-------- Data listing

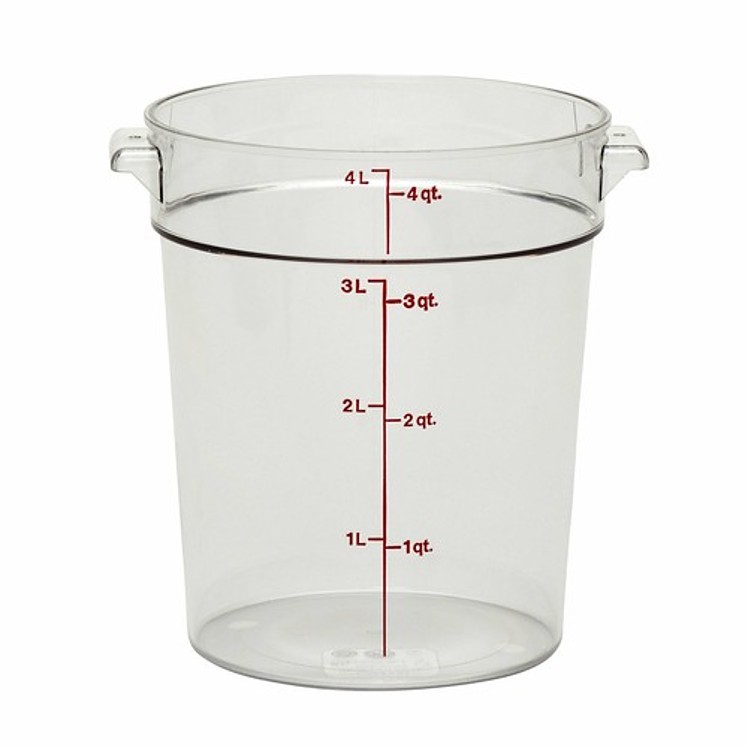 CAMBRO CONTAINER ROUND CLEAR 4 QUART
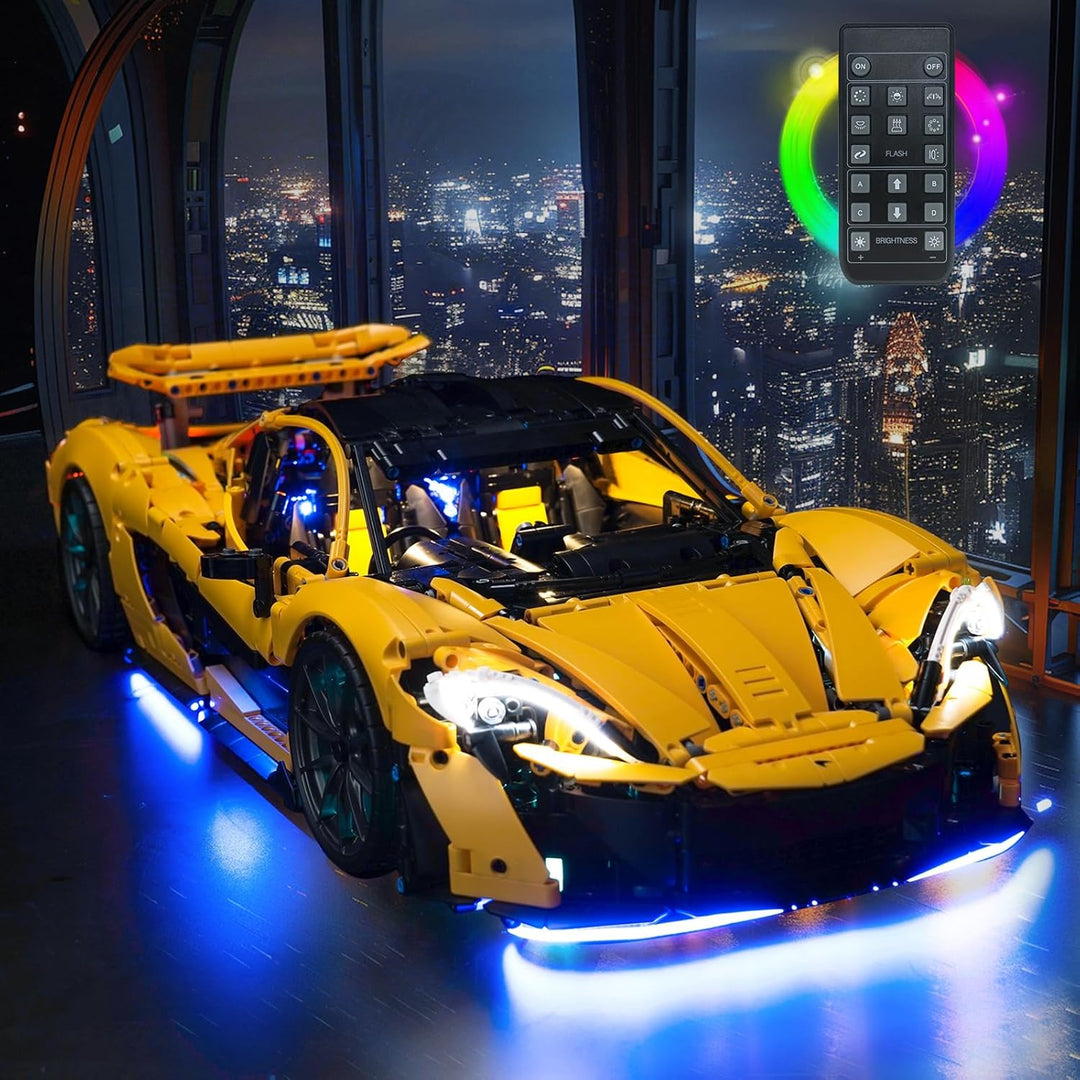 LocoLee Licht Kompatibel mit Lego 42172 McLaren P1 Fernbedienung Version, Nur Lichter Set - Kein Mod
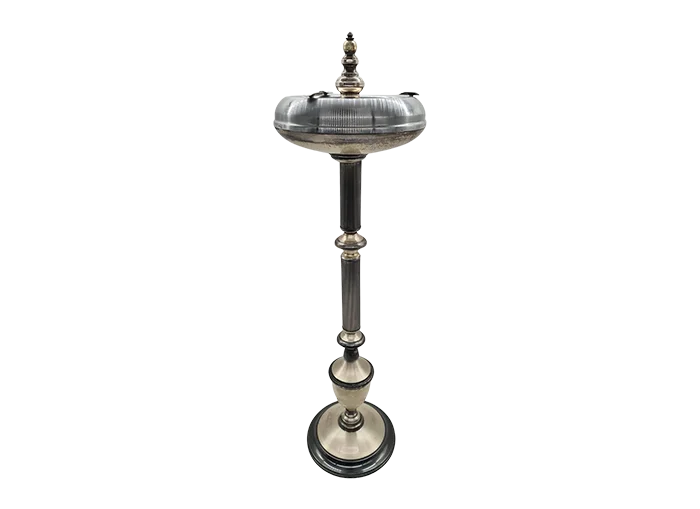 Freestanding Ashtray Made of Nickel-Plated Metal, 1950s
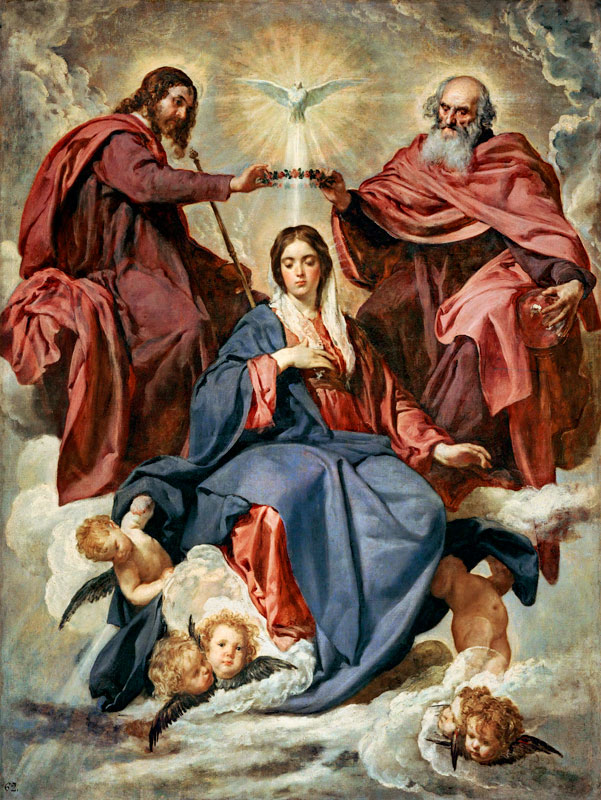 The coronation of Maria from Diego Rodriguez de Silva y Velázquez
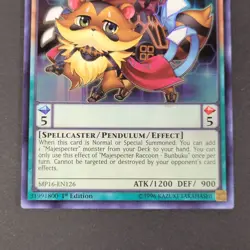 Yugioh TCG -1x Majespecter Raccoon Bunbuku - MP16-EN126 - 1st - Ultra Rare - NM - Image 5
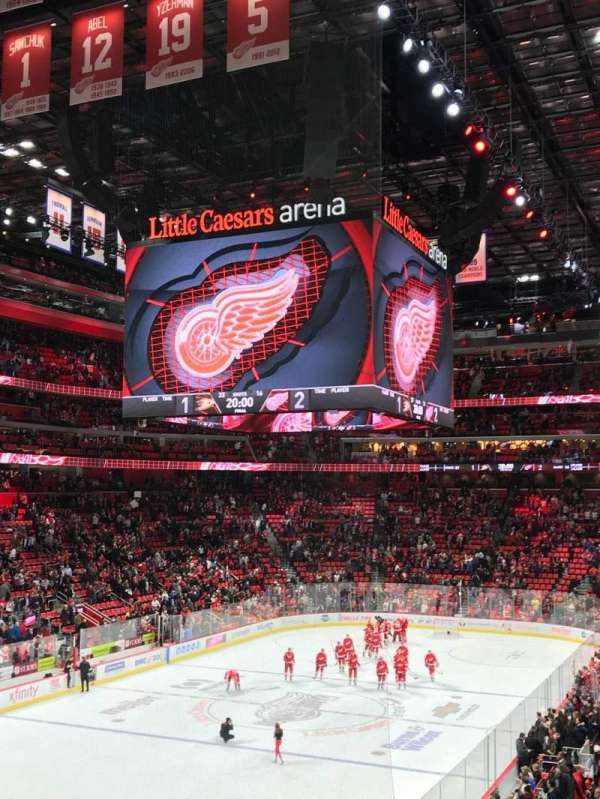 Little Caesars Arena, section: 114, row: 23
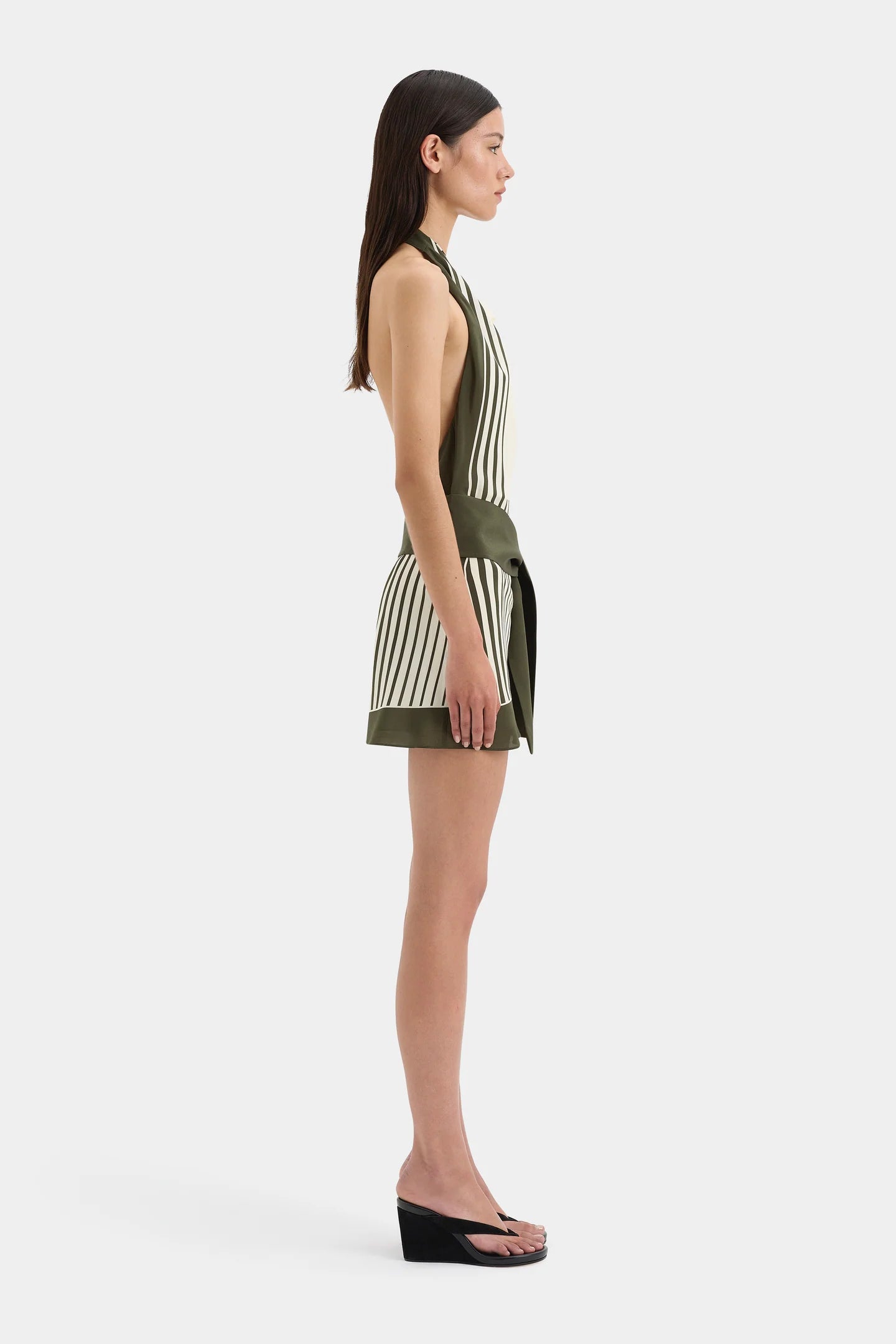 LEILANA MINI DRESS GARDEN STRIPE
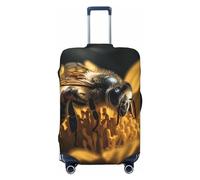 LHCVSFGW Copertura per bagagli da viaggio Serious Bee Valigie Protector Elastico Lavabile Bagagli Coperture Anti-graffio Valigia Copertura Addensare Bagagli Protezione per Bagagli Adatto per Bagagli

----------------

Your goal:
Print each entry shown above with exact wording and no pictures.

Result of the exercise:
 CAMBRO CONTAINER ROUND CLEAR 4 QUART
 LocoLee Licht Kompatibel mit Lego 42172 McLaren P1 Fernbedienung Version, Nur Lichter Set - Kein Mod
 Freestanding Ashtray Made of Nickel-Plated Metal, 1950s
 The coronation of Maria from Diego Rodriguez de Silva y Velázquez
 Yugioh TCG -1x Majespecter Raccoon Bunbuku - MP16-EN126 - 1st - Ultra Rare - NM - Image 5
 Little Caesars Arena, section: 114, row: 23
 LEILANA MINI DRESS GARDEN STRIPE
 LHCVSFGW Copertura per bagagli da viaggio Serious Bee Valigie Protector Elastico Lavabile Bagagli Coperture Anti-graffio Valigia Copertura Addensare Bagagli Protezione per Bagagli Adatto per Bagagli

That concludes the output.